• TASK BRIEF:
Would you repeat the listing exactly but omit every picture?

• DATA BLOCK:
------------

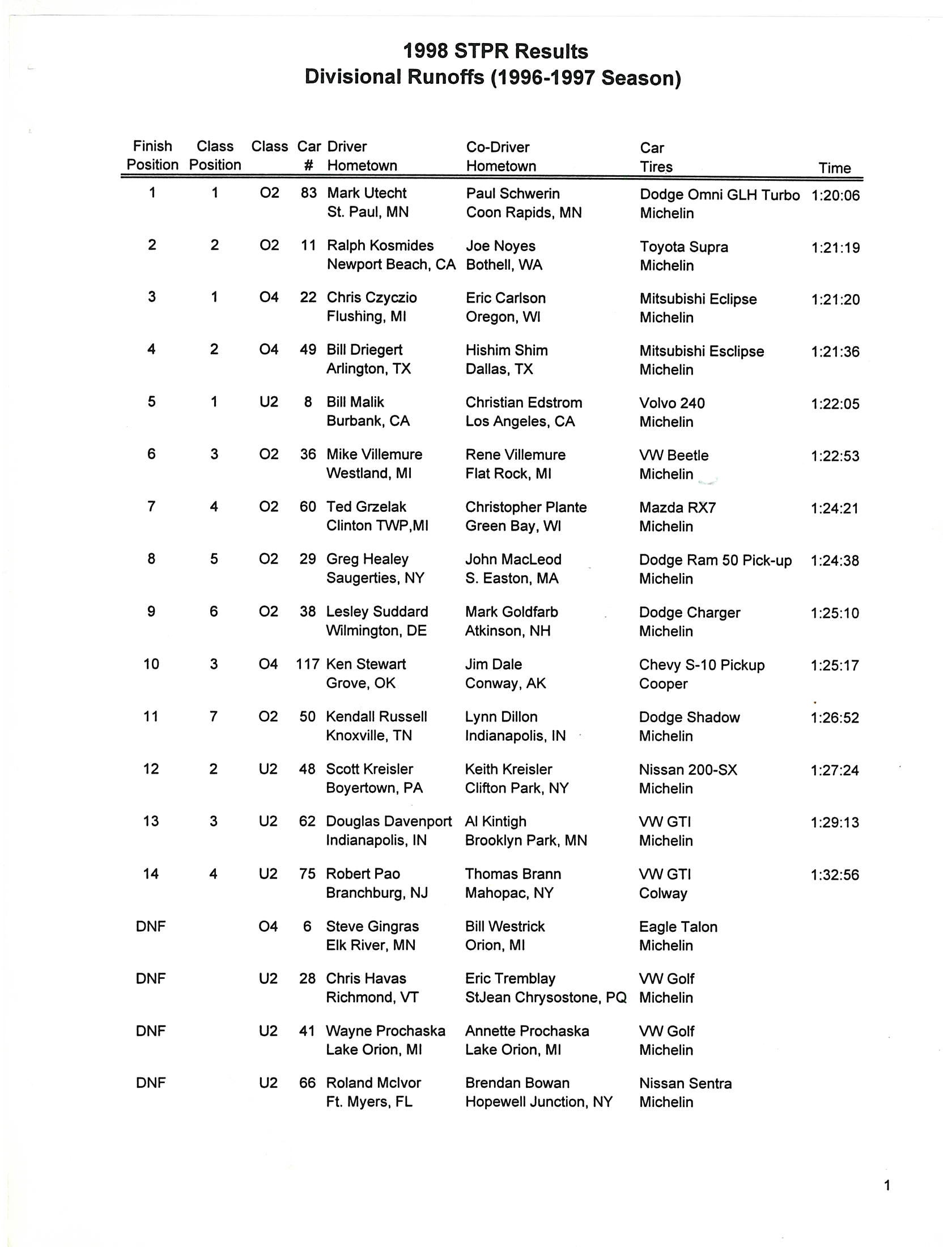Official Results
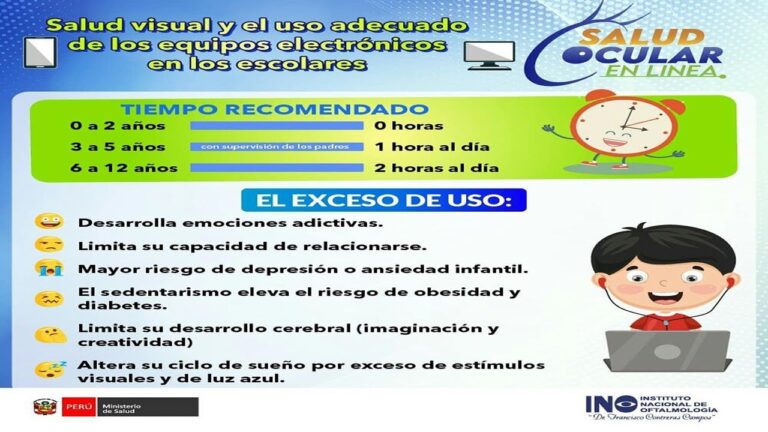 Impacto de la luz azul en la salud visual infantil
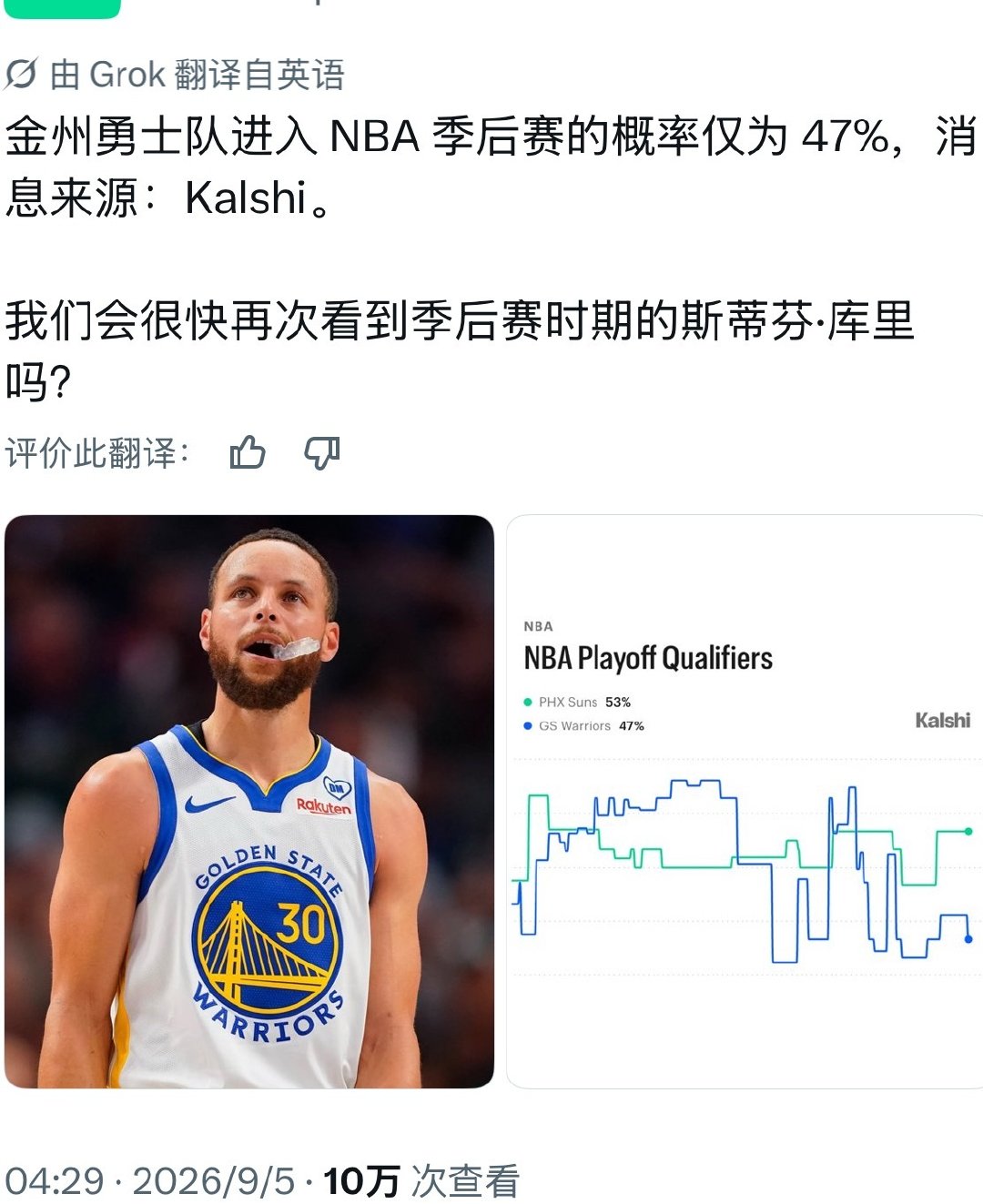 勇士竟然还有47%  [流鼻血] ​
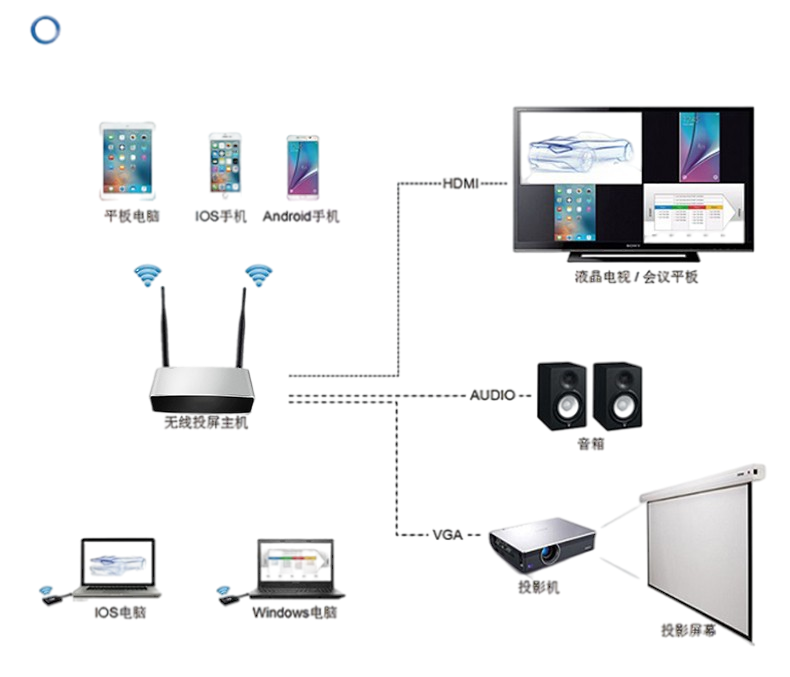 企業無線投屏器 企業無線投屏器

------------

• SOLUTION TO THIS TASK:
Official Results
 Impacto de la luz azul en la salud visual infantil
 勇士竟然还有47%  [流鼻血] ​
 企業無線投屏器 企業無線投屏器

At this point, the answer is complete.